Civic Engagement - Community-led Procurement
Community Led Procurement enables local communities to actively control the allocation of local government or donor funds for the purchase of goods or services.

Civic Engagement - Community-led Procurement

24 February 2015

We have developed a Civic Activism Awards Programme to allow Northern Ireland based voluntary, community or social enterprise organisations to bid for the opportunity to try out one of the 29 tools from the Tools Directory.

Today we look further at Community Led Procurement (CLP) which enables local communities to actively control the allocation of local government or donor funds for the purchase of goods or services.

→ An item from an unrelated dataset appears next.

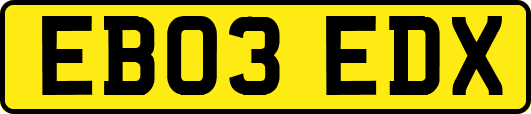 EB03EDX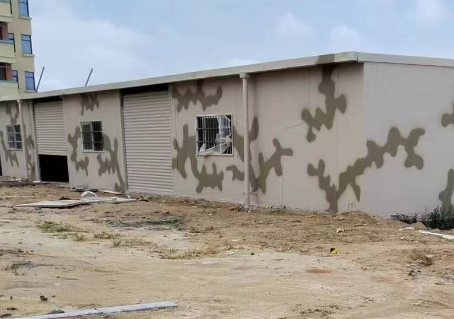 永川陆军数码等主流迷彩样式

CLP can be initiated by any procurement budget holder, including governments, public/private partnerships and civil society or donor organisations.

The process is thought to enable better public understanding of procurement systems as well as building partnerships between all parties involved.

It has also been shown to increase accountability and transparency in the procurement process, reduce corruption and wastage, ensure better quality or value for money, and increase the use of local contractors.


Commonly, CLP involves three broad stages: 

  • Preparation and initiation: The preparatory stage includes clarification of scope and initial consultation with the community, leading to the establishment of a community procurement committee.
  • Building capacity and structures: Capacity building follows, and involves an assessment of current knowledge, organisation of training and technical assistance, and the establishment of structures potentially including the transfer of funds from the government or donor source to the community.
  • Procurement of goods and services: The procurement phase focuses on the provision of support to the procurement committee for the development of procurement guidelines, policies and mechanisms, including monitoring and evaluation processes. 

CLP in Action

The Community-led Infrastructure Finance Facility (CLIFF) in Mumbai, India, stemmed from a four-year DFID (UK Department for International Development) funded research project exploring the possibility for communities to carry out their own habitat developments in Africa, Asia and Latin America.

CLIFF provides venture capital and other financial products directly to organisations of the urban poor, supporting community-led slum upgrading schemes conceived in partnership with city authorities.